弟のほうが小豆を突き飛ばしたのが見え、それに声を荒げる少年達。そして中学生のほうがそれを宥めるように両手を広げると、マイクロカーらしきものを見せて何かを言う。そして、皆が頷いた。
「おーい、どうしたんだ?」
ようやく追いついた颯は、もくもくとマイクロカーを弄る満に声をかける。
「ああ。アイツらと俺らで勝負することになった」
「ふうん、なんで?」
「ここを賭けての勝負なんだ。俺らが勝ったら今までどおり。あいつらが勝ったら俺たちはここから出て行く」
「いやいやいや、なんでだよ。ここは市の土地だろうが……」
「知るかよ。つか、あんな乱暴な奴らに負けてたまるかっての。悪いけど、颯の相手をしてる暇ないんだ。これは男と男の意地を賭けた勝負なんだ」
「あ~……そう……」
なんだかよくわからないうちにそうなっていたことに、さっきからずっと仲間はずれな颯は、彼らを一歩はなれて見守ることにした……。
**
整備を終えた少年達と乱暴な兄弟。その手にはマイクロカーを持っており、両陣営睨み合う。
「それじゃあ勝負だ。合図は……そうだな、そこのサッカー野郎がやれ」
「え? 俺?」
一人その中からあぶれていた颯は、関わりたくないと思いつつ、仕方なしに応じる。
「じゃあ、ゴールはさっきと一緒で、橋のたもとな。それじゃ、パワーオン……」
「違う! もっと真剣になるんだ!」
颯のやる気を見せない掛け声に中学生のほうが声を上げる。さらに小豆や満も彼を見る。
「颯君、真剣にお願い」
「あ、ああ、わかったよ。……コホン……それではパワーオン!」
破れかぶれに声を上げる颯。
次の瞬間、各マイクロカーが咆哮を上げる!!
モーターが走り、シャフトが軋み、唸る!!
中学生のマイクロカーは黒光りするもので、背びれのようなものが見えた。おそらく第二世代機だろう。前方が鋭くなっており、側面には牙のようなギザギザな模様が描かれていた。
弟のほうは茶色のマシンで、バナナのシールが張ってあった。こちらは第一世代のアニマルカバーだろう。不思議と前方部分が大きく見えた。
二つのマイクロカーは低いモーター音を上げており、タイヤのブレが小豆のブルーギルよりも小さく見えた。
「ゴー!!」
颯の声に、五つのマイクロカーが走り出す。
そして、一瞬遅れてから二人のマイクロカーが追う。
「へへん! 俺のゼブラカバーは初速重視! つうか、お前らスタートがヘタクソすぎないか!」
スタートと同時に先頭に踊り出た木下直弥のゼブラカバー。比較的平たんな道を選んでのスタートダッシュが成せた技だ。
「おらおら、俺のゴリラカバーは負けてねーぞ!」
道を選ばない義明のゴリラカバーは、悪路で跳ねながらも安定した走りを見せる。
「公式最弱の鈍足ゴリラが何に負けてないんだ!?」
「最弱じゃねーっつうの! ブービーだ!」
それを追う満のスペイサーは第一世代リアルカバー。F1をモデルにしているもので、平坦な道を滑走する。
「こんな悪路じゃリアルカバーは不利ですよ?」
それを追うのが小笠原昇のライオンカバー。初速は遅いが、ゴリラカバーなみに悪路に強く、満のスペイサーを追う。

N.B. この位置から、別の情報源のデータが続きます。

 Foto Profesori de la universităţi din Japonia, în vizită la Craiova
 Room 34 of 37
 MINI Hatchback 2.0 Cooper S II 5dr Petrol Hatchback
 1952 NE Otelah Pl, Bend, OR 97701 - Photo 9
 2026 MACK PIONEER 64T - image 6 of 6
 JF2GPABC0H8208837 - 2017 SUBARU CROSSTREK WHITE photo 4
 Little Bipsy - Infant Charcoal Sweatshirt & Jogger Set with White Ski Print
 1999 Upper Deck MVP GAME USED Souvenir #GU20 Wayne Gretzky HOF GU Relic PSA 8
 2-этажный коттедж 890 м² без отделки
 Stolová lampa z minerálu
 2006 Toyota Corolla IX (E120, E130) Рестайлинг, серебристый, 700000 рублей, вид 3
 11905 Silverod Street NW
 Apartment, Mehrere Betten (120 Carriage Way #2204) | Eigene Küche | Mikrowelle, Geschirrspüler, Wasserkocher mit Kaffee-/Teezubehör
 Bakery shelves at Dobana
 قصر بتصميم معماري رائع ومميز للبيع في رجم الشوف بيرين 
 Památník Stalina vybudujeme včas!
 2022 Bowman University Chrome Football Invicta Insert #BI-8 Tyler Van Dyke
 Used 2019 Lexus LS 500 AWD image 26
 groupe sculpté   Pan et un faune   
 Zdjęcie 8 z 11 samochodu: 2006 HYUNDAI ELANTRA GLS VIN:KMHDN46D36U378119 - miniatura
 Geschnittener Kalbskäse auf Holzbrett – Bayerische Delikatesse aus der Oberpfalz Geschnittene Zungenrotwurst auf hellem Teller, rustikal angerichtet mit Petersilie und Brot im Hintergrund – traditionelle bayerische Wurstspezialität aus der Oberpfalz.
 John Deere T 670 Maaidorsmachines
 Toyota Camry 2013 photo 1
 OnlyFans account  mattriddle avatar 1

「たいしたことないな第二世代! このままドンケツか?」
一人遅れる小豆のブルーギルカバーにちゃちゃが飛ぶ。
「僕のブルーギルカバーは悪路を抜けてからが本命なんです!」
負けじとそれを追う小豆のブルーギルカバー。
さらに後方にスタートダッシュで遅れた第二世代機とモンキーカバー。
このまま満たちの圧勝かと思いきや、既に彼らの思惑は動き始めていた。
「どうしたんだい? 兄さん達、俺ら一人に負けてもここを出て行くんだよ? 大口叩いておいて俺たち全員に負けるつもりかい?」
開始十メートル、それほど差がつかないマイクロレース。昇の挑発的な物言いに、兄がにやりと笑い、弟がそれに頷く。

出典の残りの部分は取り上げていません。